-- Opening Marker --
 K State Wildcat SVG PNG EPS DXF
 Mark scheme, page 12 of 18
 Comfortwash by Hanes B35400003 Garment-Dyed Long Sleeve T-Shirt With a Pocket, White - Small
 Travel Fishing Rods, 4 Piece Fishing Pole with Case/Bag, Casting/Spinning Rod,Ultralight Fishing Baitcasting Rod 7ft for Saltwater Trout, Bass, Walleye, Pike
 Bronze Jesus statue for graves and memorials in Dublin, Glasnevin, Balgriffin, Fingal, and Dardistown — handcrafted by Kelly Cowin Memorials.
-- Closing Marker --
-- Opening Marker --
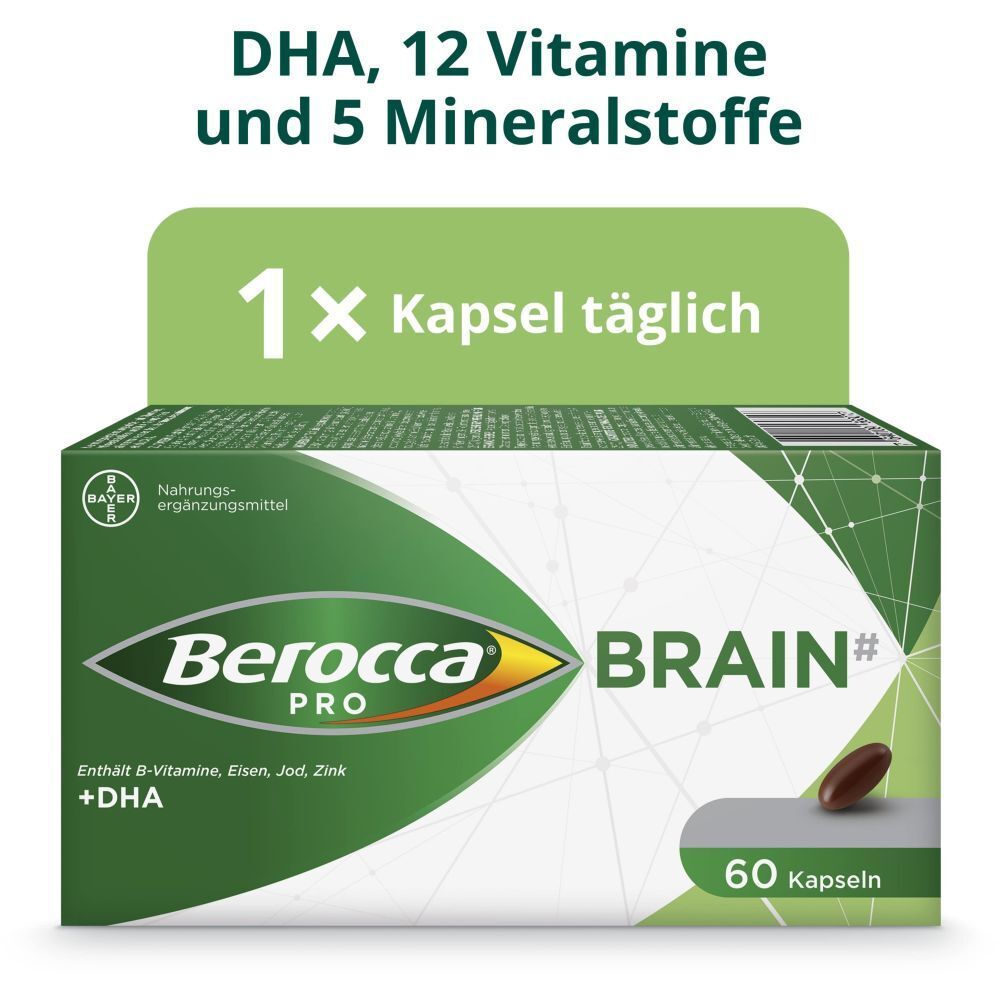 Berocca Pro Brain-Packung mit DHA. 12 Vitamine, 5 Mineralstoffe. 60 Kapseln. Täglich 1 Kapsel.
-- Closing Marker --
From the data above, reproduce word for word the lines running from the line with "Comfortwash by Hanes" to the line with "Travel Fishing Rods, 4", ends included.

> **Answer for the task**:
 Comfortwash by Hanes B35400003 Garment-Dyed Long Sleeve T-Shirt With a Pocket, White - Small
 Travel Fishing Rods, 4 Piece Fishing Pole with Case/Bag, Casting/Spinning Rod,Ultralight Fishing Baitcasting Rod 7ft for Saltwater Trout, Bass, Walleye, Pike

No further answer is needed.